According to Fitch Ratings, the creditworthiness of the two largest banks in Cyprus is improving due to significant progress in implementing plans to reduce non-performing loans (NPEs). The agency expects Bank of Cyprus (B-/Positive) and Hellenic Bank (B/Positive) to maintain this level in 2022 as they each have major sales planned. The economic recovery will help banks organically improve asset quality.
We revised our bank rating outlooks to Positive in December 2021 to reflect these expectations. But the ratings remain at ‘B’, reflecting still weak asset quality and capital heavily burdened by unreserved distressed assets. Bank of Cyprus and Hellenic Bank together represent about two-thirds of the sector’s assets.

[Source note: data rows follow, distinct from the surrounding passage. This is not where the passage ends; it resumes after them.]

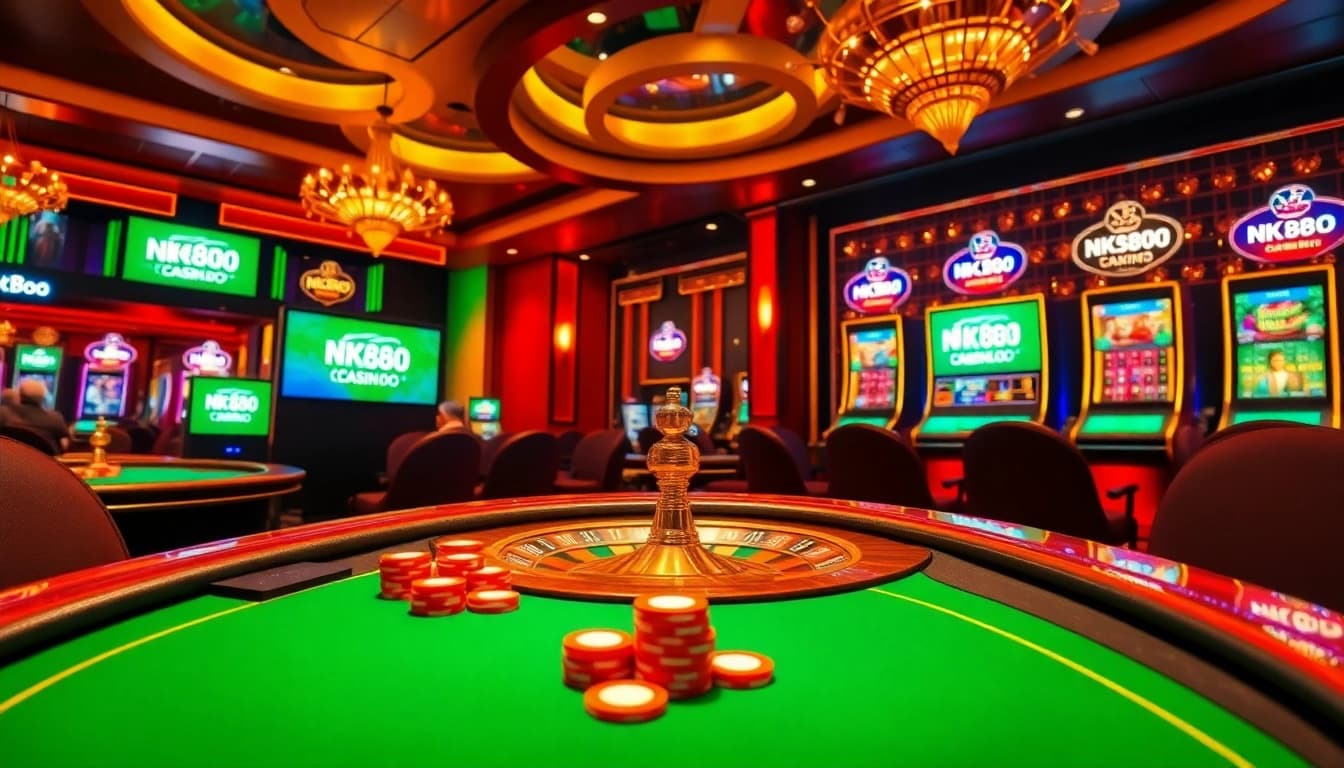 NK88.BOO casino scene featuring vibrant poker tables, roulette wheels, and flashing slot machines.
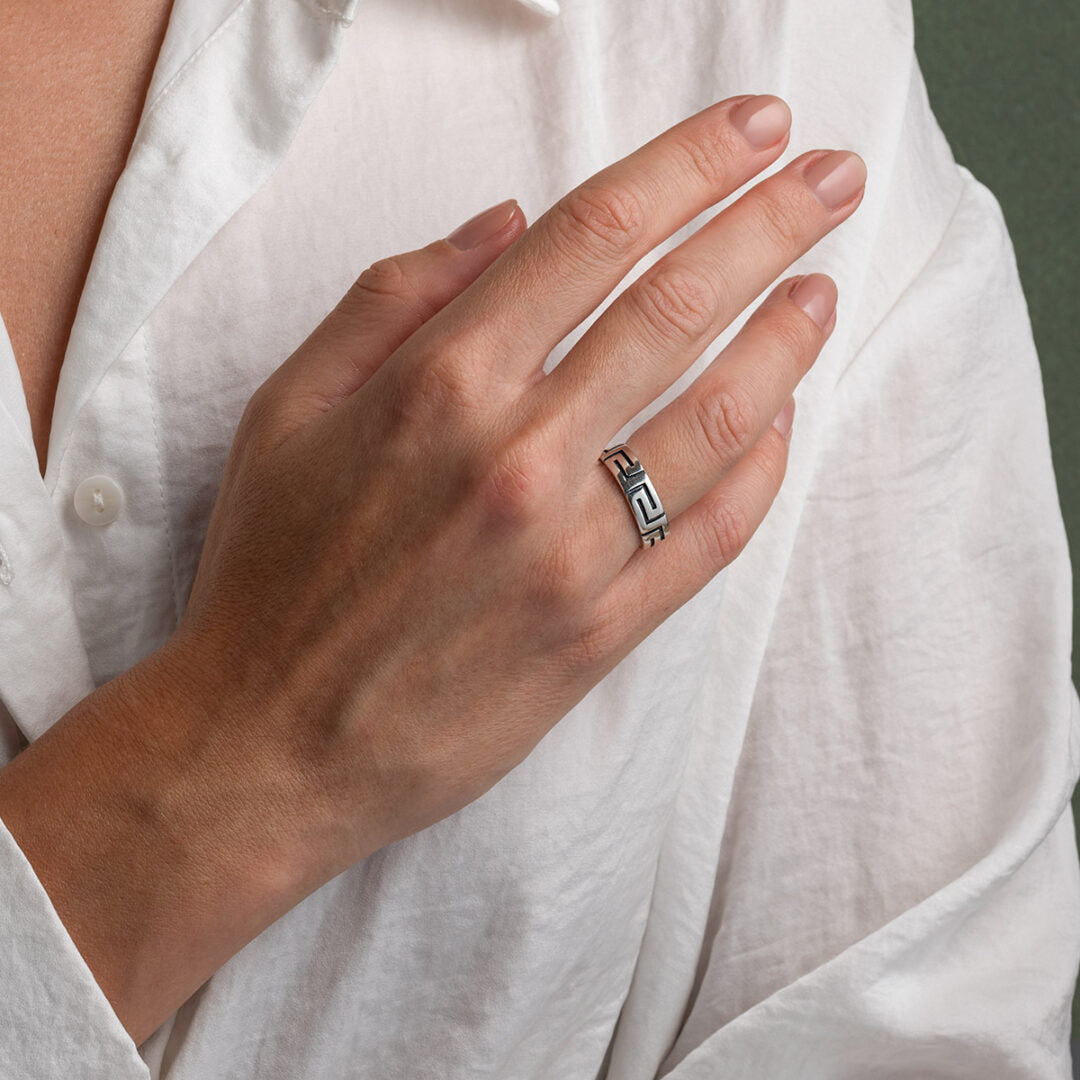 Meandros Ring in Sterling Silver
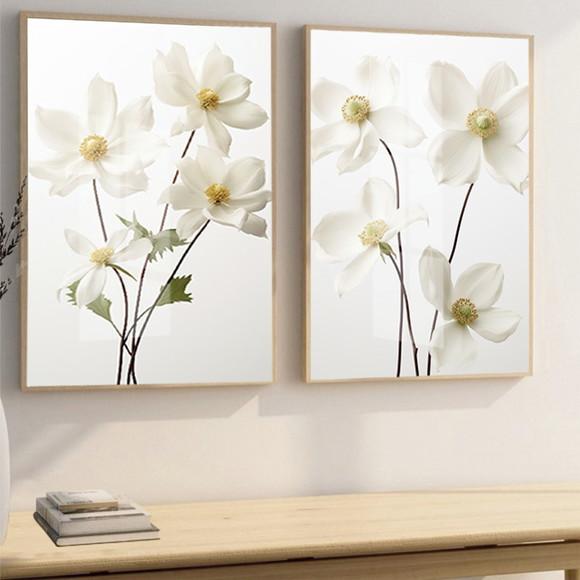 Kit 2 Quadros Decorativos Flores Brancas Sala Hall com Vidro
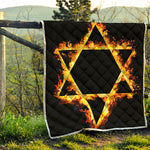 Flaming Star of David Print Quilt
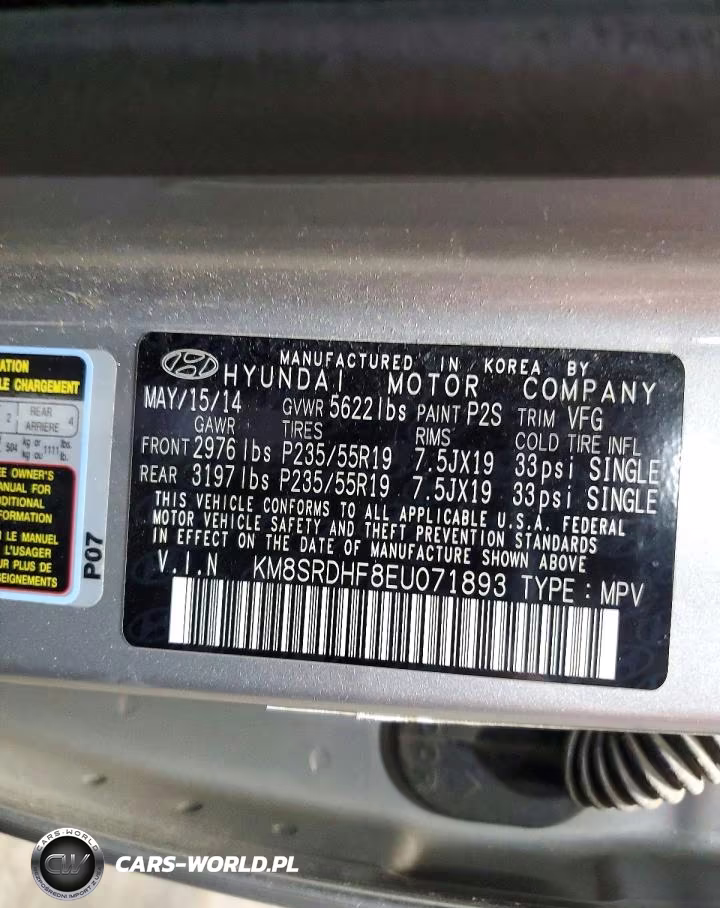 2014 Hyundai Santa Fe Limited VIN:KM8SRDHF8EU071893 - 13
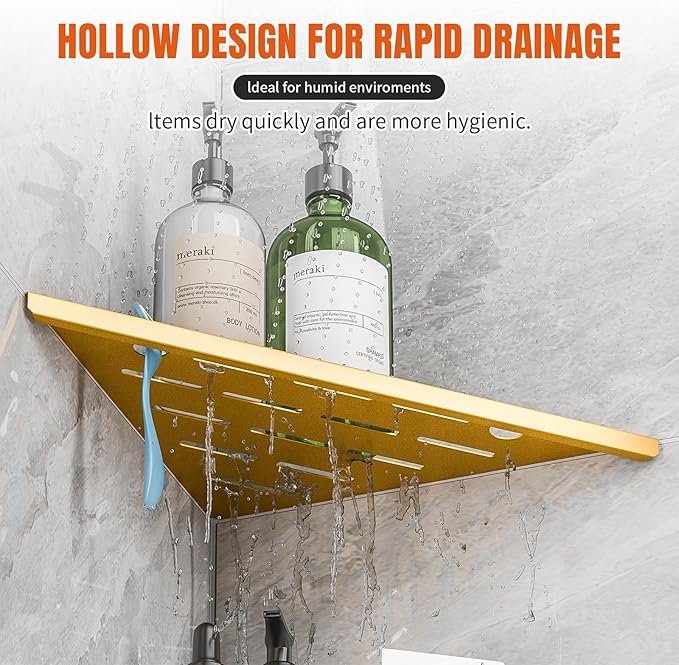 Shower Corner Shelf with Razor Hole,Modern Style Shower Caddy, Sturdy 304 Stainless Steel Shower Organizer,No Drilling Bathroom Corner Shelf for Tile Wall Gold 2 Pack-10
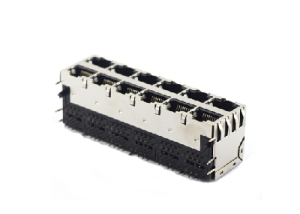 Horizontal 2x6 shielded 8 Pin rj45 ethernet connector with EMI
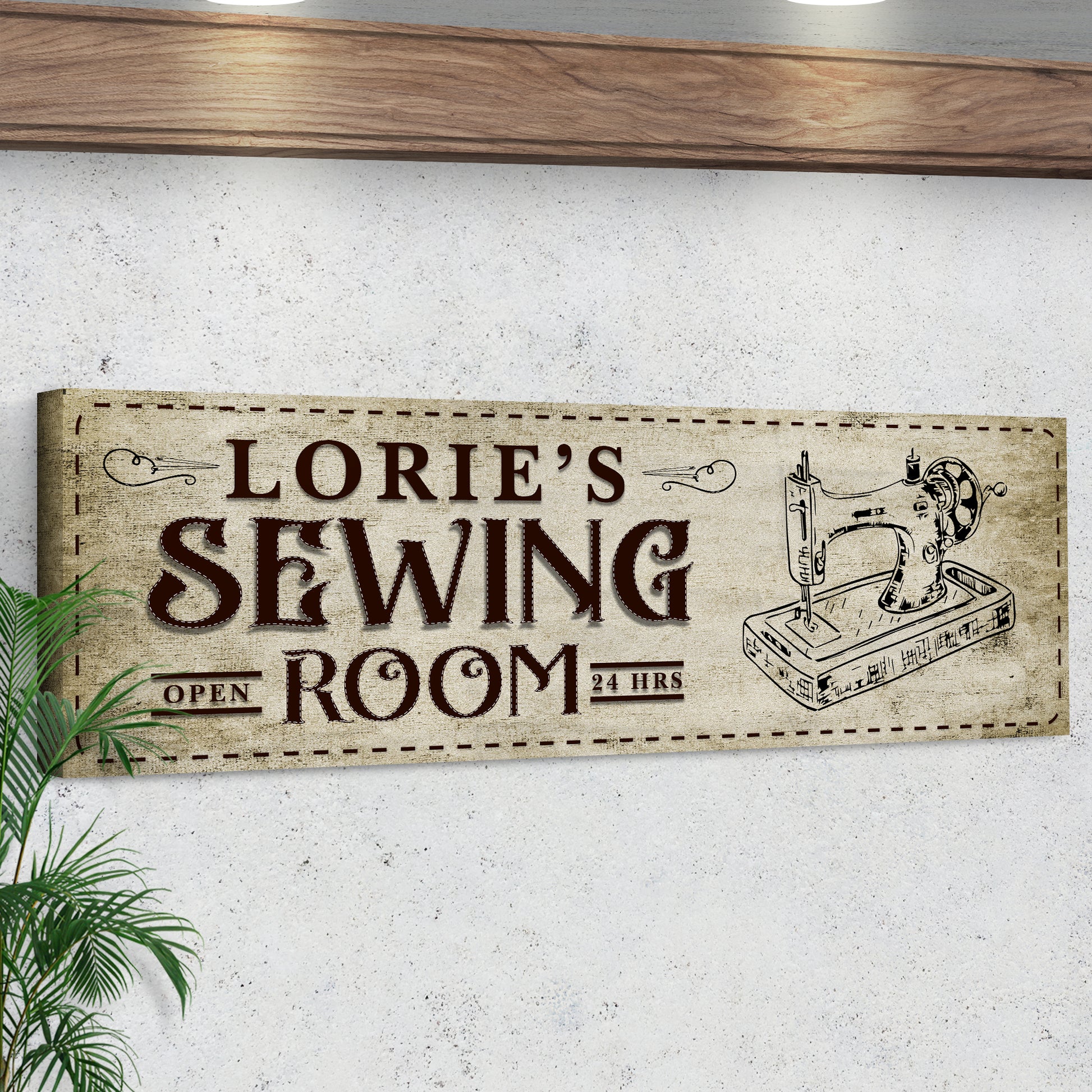 Open 24 Hrs Sewing Room Sign | Customizable Canvas Style 2 - Image by Tailored Canvases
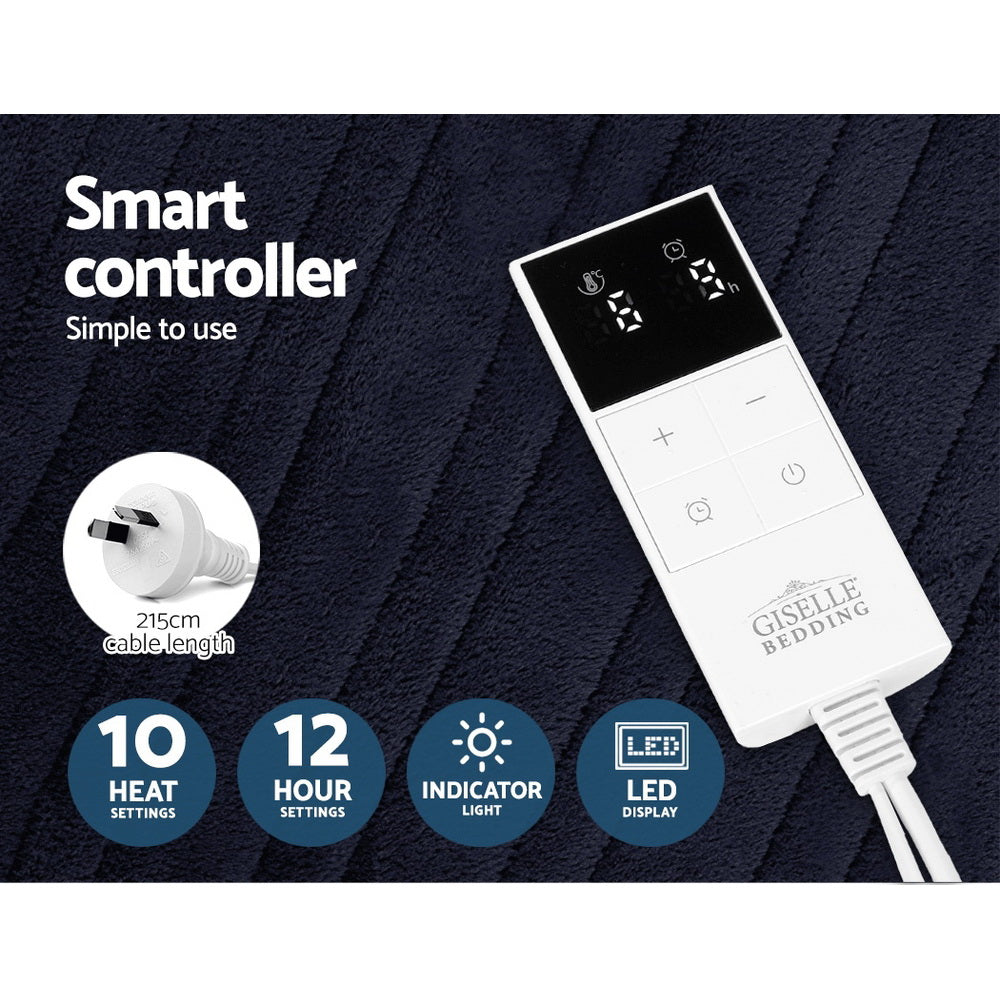 Giselle Bedding Heated Electric Throw Rug Fleece Sunggle Blanket Washable Charcoal-4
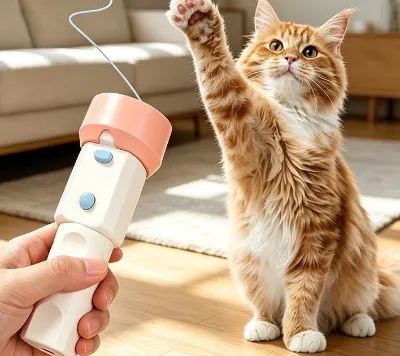 Interactive Cat Wand Toy with Retractable Feature Feather Refills for Pet Movement & Exercise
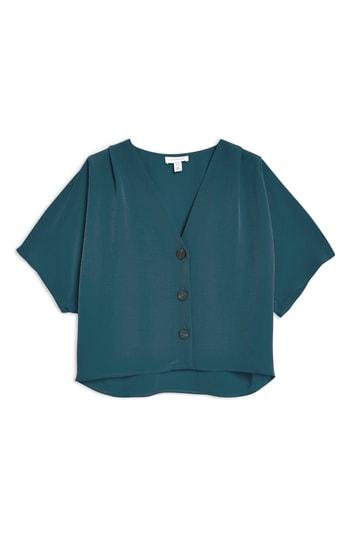 Women's Topshop Pleat Shoulder Blouse Us (fits Like 14) - Blue/green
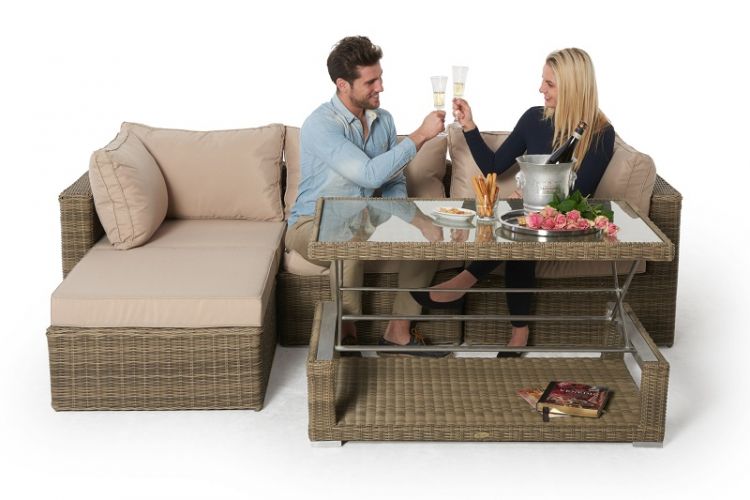 Rattan Gartenlounge Alicia aus rundem Rattan - Ansicht 4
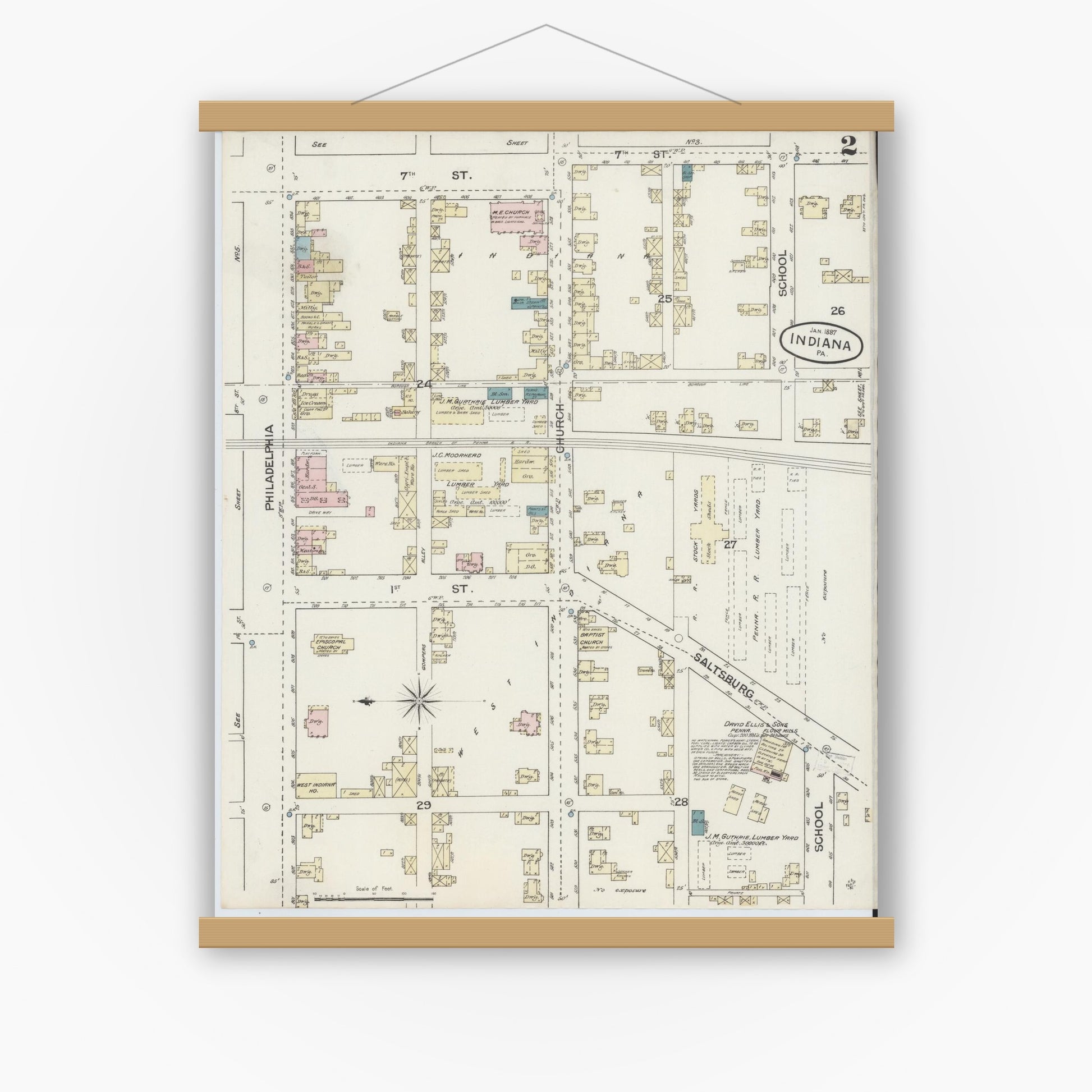 Old map wall art mockup — magnetic wood frame on white wall — Sanborn Fire Insurance Map from Indiana, Indiana County, Pennsylvania (1887), Sheet #0002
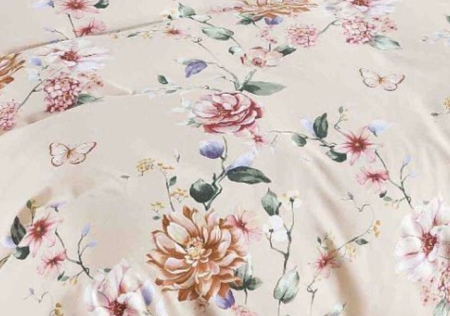Lenjerie de Pat Bumbac Finet cu Elastic, Pat Dublu, 6 Piese - Crem, Flori [2]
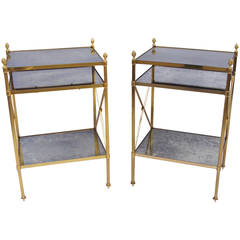 Pair of Maison Jansen Side Tables in Gilt Brass and Oxidized Tops, 1970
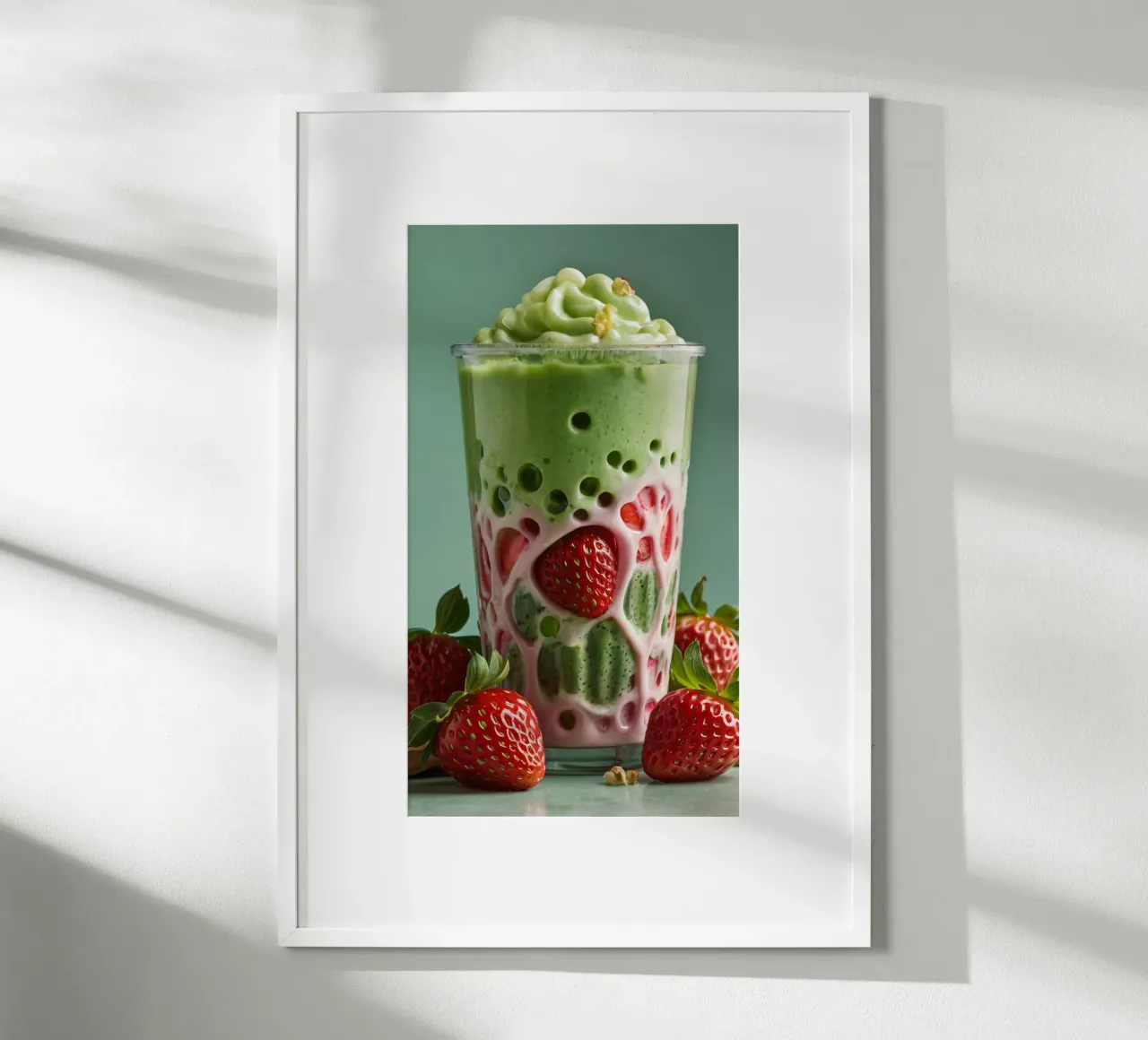 Bevanda rinfrescante a base di verde e fragole servita a strati poster con telaio in alluminio da DesignDoodle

Improving the creditworthiness of banks should help them issue debt at a better price to meet their minimum equity and eligible liability (MREL) requirements. Bank of Cyprus was the first bank in Cyprus to issue senior preferred debt when it created €300 million in 2021 to reach its interim MREL target. Hellenic Bank recently launched a €1.5bn mid-term Eurobond program but has yet to issue it.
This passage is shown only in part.